En Francia
tienen gran relevancia histórica los períodos conocidos como el primer y el
segundo Imperio. El primero estuvo a cargo de Napoleón Bonaparte, duró una década
y significó un importante cambio en el mundo. Napoleón no sólo fue un guerrero
incansable, también un reformador del Estado conocido hasta entonces, impulsor
de la cultura y de las artes, sobre todo de la arquitectura; su imperio impuso
modas que saltaron de las fronteras francesas hacia el resto de Europa. Se modificaron las familias reales, las relaciones entre la nobleza, los tipos de matrimonios,
las formas de gobierno, los estilos de vida en general y, por supuesto, las
maniobras militares.
El Segundo
Imperio francés estuvo a cargo de Napoleón III, sobrino de Bonaparte, o por lo
menos eso quisieron hacerle creer a su hermano sin éxito. Duró casi dos décadas
y otra vez Francia fue revolucionada drásticamente; los estilos artísticos, las
modas, el urbanismo, las leyes, todo evolucionó a veces para bien y otras para
mal. Aunque Napoleón III no era ni la mitad de brillante que el primero, se
esmeró para lograr que su imperio dejara huella, y eso sí que lo consiguió. Fue
uno de los grandes líderes de la segunda mitad del siglo XIX, pese a que al
final de su carrera política fue amedrentado, ridiculizado, humillado
militarmente y hasta prisionero de guerra.
Sea como
fuere, los imperios en Francia son dos períodos no sólo de gran importancia
histórica para el país, sino también para el mundo entero.

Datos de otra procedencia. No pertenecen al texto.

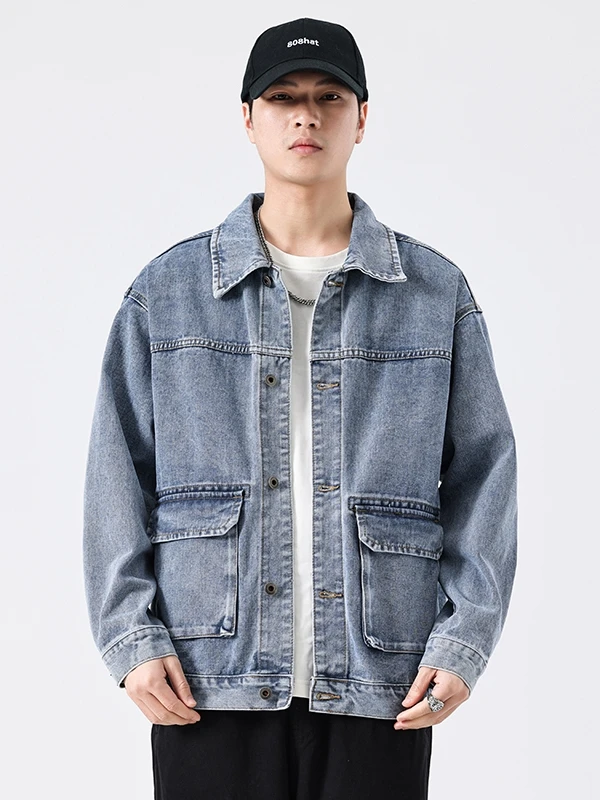 

Retro American Washed Denim Jacket Men's Spring 2025 Trendy Brand Patchwork Loose Collar Workwear Jacket Youth Popular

Si no hubieran
existido, el mundo no sería como es hoy. Entre tanto, en México igualmente podemos
hablar de nuestros imperios y, como los franceses, también tuvimos dos. Aunque de
alcances mucho más modestos.
El primero
no duró ni un año, no revolucionó nada ni dejó vestigios artísticos que
provoquen a los historiadores escribir “estilo primer imperio”. Estuvo a cargo
de Agustín de Iturbide, un militar mexicano que supo acomodarse en el bando
correcto al final de la guerra de independencia, pero que luego no fue tan hábil
para impedir que lo derrocaran y tras volver de un breve exilio lo mandaran
fusilar.
El segundo
estuvo fundado con mayores ambiciones y encabezado por un príncipe de verdad, Maximiliano
de Habsburgo. El proyecto tenía bases teóricas muy sólidas. Maximiliano y su
esposa Carlota tenían dos mentes bien dotadas, más la de ella, e hicieron
planes verdaderamente titánicos que prometían reformar a México, desde el
estilo de vida, la cultura, la raza, la educación, la política, los poderes del
Estado, la arquitectura, el urbanismo, la pintura, la escultura, el ejército,
la iglesia, las relaciones diplomáticas y un sin fin etcéteras.
El problema
fue que el imperio fue muy efímero y estuvo en constante guerra. Aunque pese a
todo logró dejar su huella, mucho más honda que el de Iturbide. Duró tres años
y legó al país un importante patrimonio intangible en historia y literatura y
otro poco tangible debido a que Maximiliano era adicto a gastar en las artes plásticas
el dinero que necesitaba para ganar la guerra. En lo que se pareció más al primero
fue en el final del monarca, también el príncipe Haburgo enfrentó con honor a
un pelotón de fusilamiento.
Los imperios mexicanos
fueron, en realidad, breves, modestos, buenos intentos, dirán algunos. Pero,
como los franceses, también tuvimos dos.